What Do You See?
Nov09, 2009 |
“This title is full of imaginative approaches to artwork, and perfect for curious children, who are eager to combine shapes and sizes in art. There is no end to the creativity this book facilitates, as youngsters open their eyes and the windows of their own creativity. It is a perfect way for adults and youngsters to see the world in a whole new way.”
Judith has joined us today to talk about her book. Thanks for stopping by, Judith. Let’s start at the beginning.
How did you get your idea for this book?
When I first started teaching, back in the golden years when creative thinking took precedence over skill and drill worksheets, I participated in classes that encouraged teachers to get students to stretch their imaginations. That was when I started using simple line drawings to stimulate creative thinking. I started this activity with fifth graders and when I changed grade levels, I discovered that first and second graders could do these activities as well. So that was the initial idea that followed me into all my classrooms. Many years later on a car trip, I used this activity to entertain my grandson. Everyone in the car had fun brainstorming ideas for different shapes. I saved the doodles and the ideas, and combined them with rhyming couplets and voila—What Do You See?

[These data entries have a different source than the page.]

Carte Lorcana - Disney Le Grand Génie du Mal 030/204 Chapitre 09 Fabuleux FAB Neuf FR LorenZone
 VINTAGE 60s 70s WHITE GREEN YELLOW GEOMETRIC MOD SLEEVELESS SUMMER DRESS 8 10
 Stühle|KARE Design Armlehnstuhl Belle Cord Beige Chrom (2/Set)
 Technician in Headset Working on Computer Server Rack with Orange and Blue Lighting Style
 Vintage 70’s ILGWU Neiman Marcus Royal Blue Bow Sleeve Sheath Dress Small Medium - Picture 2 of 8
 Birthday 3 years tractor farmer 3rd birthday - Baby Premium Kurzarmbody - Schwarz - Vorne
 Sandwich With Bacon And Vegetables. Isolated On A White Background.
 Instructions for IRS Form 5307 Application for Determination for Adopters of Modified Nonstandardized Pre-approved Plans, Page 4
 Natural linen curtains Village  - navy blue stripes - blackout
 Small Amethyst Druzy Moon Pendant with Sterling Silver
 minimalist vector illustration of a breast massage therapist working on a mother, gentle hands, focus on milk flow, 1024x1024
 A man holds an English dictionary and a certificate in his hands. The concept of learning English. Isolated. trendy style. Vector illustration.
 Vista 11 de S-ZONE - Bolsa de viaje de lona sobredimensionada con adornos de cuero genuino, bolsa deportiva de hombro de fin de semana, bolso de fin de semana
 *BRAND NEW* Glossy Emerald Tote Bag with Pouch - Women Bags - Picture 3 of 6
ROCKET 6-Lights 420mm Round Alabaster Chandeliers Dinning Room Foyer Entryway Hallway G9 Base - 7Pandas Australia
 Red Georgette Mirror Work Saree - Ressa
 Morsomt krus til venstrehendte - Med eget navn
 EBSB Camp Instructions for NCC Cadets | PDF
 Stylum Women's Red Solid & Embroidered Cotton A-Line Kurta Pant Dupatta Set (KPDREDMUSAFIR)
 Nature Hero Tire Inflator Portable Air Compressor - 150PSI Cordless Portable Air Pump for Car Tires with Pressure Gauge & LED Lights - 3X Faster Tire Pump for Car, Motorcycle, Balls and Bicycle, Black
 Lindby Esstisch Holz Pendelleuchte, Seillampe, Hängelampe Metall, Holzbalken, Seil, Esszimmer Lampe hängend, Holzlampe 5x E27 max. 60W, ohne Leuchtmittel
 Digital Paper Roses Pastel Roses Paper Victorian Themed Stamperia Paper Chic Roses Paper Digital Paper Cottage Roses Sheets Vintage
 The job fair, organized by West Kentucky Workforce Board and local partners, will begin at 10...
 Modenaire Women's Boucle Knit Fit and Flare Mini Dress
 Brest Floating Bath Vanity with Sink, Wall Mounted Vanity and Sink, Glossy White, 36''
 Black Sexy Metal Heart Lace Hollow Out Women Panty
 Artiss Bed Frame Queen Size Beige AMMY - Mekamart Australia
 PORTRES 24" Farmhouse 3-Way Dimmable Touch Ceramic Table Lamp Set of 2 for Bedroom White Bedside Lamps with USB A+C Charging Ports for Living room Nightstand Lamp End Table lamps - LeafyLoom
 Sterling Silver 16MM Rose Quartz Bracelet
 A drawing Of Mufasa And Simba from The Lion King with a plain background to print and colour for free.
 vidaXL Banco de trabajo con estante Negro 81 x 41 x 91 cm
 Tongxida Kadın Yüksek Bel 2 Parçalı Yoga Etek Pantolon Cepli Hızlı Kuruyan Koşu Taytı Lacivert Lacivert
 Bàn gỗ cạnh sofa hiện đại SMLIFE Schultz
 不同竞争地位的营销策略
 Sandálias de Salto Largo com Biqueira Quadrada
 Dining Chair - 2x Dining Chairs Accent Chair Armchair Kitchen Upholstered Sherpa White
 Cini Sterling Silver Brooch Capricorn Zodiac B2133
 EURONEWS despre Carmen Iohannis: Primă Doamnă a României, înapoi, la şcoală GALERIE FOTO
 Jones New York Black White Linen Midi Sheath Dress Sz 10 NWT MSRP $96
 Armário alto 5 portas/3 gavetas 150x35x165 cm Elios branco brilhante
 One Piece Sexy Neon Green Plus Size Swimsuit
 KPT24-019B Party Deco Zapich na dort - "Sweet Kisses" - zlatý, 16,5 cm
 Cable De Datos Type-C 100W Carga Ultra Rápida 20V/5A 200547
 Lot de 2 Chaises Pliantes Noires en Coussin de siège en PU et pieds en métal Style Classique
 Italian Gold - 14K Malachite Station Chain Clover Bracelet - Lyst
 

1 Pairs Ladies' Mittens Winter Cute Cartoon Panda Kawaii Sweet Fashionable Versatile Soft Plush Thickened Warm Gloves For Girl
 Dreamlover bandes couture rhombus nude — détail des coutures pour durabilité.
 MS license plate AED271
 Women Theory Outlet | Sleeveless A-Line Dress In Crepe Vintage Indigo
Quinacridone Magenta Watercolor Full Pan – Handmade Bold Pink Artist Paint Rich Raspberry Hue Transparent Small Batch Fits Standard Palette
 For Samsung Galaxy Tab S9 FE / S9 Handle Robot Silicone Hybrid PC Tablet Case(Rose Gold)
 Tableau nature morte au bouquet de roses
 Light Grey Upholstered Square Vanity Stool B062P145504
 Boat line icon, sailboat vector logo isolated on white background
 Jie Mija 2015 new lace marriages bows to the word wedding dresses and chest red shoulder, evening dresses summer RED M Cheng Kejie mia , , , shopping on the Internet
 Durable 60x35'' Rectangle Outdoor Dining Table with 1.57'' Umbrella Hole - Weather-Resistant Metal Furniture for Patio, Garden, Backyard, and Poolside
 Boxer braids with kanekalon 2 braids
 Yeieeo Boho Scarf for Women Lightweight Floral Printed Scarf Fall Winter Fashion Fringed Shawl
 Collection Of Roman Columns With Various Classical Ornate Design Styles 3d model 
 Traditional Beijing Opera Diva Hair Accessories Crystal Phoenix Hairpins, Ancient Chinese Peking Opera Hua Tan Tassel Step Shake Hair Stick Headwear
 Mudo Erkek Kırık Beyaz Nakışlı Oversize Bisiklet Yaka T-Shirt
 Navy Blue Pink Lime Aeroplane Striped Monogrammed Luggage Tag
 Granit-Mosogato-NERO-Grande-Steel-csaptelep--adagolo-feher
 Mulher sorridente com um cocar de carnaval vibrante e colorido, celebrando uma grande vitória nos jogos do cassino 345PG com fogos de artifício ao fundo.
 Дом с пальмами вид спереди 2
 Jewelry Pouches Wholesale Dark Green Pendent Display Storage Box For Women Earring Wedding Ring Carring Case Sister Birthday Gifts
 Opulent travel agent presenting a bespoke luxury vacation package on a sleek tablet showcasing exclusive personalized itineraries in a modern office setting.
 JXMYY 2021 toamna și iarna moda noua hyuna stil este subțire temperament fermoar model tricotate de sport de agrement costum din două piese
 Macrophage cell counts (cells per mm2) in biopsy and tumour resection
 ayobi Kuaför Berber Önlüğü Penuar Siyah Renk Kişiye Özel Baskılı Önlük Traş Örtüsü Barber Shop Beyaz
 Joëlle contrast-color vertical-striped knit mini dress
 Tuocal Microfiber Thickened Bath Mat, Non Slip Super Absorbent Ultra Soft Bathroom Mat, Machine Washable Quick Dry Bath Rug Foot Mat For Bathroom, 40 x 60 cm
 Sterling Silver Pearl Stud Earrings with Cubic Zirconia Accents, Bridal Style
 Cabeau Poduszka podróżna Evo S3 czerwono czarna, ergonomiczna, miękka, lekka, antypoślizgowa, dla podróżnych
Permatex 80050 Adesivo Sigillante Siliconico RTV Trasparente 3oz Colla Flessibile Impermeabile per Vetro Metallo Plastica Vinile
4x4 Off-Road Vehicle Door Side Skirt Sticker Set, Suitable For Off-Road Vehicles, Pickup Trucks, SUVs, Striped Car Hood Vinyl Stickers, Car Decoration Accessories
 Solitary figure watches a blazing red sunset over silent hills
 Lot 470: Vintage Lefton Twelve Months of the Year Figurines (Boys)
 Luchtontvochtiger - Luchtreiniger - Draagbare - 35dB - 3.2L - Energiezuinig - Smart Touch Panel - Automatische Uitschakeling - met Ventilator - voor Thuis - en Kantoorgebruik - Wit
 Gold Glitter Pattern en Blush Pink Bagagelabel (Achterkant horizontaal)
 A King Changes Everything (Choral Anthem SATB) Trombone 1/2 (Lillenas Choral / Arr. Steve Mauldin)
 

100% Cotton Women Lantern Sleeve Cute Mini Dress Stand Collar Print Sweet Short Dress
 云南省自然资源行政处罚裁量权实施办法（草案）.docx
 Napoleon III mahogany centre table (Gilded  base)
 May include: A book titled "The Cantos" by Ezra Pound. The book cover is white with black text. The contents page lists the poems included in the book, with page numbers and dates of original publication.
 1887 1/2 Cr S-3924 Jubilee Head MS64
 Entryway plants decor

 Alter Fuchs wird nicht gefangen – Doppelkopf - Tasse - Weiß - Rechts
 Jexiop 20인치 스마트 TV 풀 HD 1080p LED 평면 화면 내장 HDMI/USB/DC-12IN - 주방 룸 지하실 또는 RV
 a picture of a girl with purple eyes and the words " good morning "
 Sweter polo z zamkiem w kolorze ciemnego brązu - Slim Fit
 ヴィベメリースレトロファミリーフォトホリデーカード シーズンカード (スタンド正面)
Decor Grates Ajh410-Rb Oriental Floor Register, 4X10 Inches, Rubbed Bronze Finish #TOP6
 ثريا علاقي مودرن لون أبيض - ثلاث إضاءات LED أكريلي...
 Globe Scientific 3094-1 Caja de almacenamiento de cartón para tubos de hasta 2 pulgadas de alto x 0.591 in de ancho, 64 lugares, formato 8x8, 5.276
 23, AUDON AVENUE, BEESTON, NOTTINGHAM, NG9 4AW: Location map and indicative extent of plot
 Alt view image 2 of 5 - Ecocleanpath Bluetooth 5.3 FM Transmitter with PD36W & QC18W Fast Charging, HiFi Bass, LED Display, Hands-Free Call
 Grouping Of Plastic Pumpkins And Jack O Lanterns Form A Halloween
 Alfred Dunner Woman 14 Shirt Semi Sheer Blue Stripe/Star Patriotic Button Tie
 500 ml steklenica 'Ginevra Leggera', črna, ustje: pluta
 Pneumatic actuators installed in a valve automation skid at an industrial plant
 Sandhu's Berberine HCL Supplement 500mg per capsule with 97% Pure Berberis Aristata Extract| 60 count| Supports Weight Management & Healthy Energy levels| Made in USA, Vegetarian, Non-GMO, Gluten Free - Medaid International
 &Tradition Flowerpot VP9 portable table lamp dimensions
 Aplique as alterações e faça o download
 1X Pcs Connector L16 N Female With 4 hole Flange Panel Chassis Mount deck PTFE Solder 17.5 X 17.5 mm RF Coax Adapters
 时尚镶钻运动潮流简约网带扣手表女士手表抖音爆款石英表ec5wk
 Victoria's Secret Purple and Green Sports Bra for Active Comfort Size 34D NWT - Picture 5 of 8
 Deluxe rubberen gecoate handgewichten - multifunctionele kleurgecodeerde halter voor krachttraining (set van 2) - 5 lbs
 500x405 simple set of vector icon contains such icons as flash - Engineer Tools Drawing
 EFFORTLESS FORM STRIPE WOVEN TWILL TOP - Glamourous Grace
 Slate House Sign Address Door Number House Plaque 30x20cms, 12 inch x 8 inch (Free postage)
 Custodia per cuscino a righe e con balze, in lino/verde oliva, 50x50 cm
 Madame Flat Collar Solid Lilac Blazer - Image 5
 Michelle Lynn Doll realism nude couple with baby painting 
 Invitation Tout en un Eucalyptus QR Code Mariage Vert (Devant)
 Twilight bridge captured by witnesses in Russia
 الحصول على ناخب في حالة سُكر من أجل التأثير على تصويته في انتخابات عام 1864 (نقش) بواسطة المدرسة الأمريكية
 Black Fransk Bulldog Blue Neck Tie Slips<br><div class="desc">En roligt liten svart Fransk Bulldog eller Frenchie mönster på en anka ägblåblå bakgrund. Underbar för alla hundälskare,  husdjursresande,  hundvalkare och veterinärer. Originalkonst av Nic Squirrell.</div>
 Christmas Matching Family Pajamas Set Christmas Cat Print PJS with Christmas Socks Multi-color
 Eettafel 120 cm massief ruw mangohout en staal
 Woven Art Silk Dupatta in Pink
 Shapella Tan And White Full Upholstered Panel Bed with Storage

[It pays to save those scraps of ideas!]
How did you find your editor, or how did she find you?
At my second SCBWI conference in 2006, I had the good fortune to be with a friend who won the chance to sit next to one of the guest editors at lunch. So, along with nine other conference goers, we had a wonderful chat with editor/publisher, Barbara Cilette of Odyssey Books. We all talked about the normal publishing questions, but what I remember most is discussing educational philosophy and how books should stimulate creativity and curiosity. This discussion was a great segue into my What Do You See? book proposal that I had been subbing with no success, so I asked Barbara about the best way to get my vision across to an editor. As a result, I mailed her the manuscript. I remember the wait felt like forever. When Barbara responded initially, it was a “Yes, I like your idea very much, but I can’t promise you anything just yet.”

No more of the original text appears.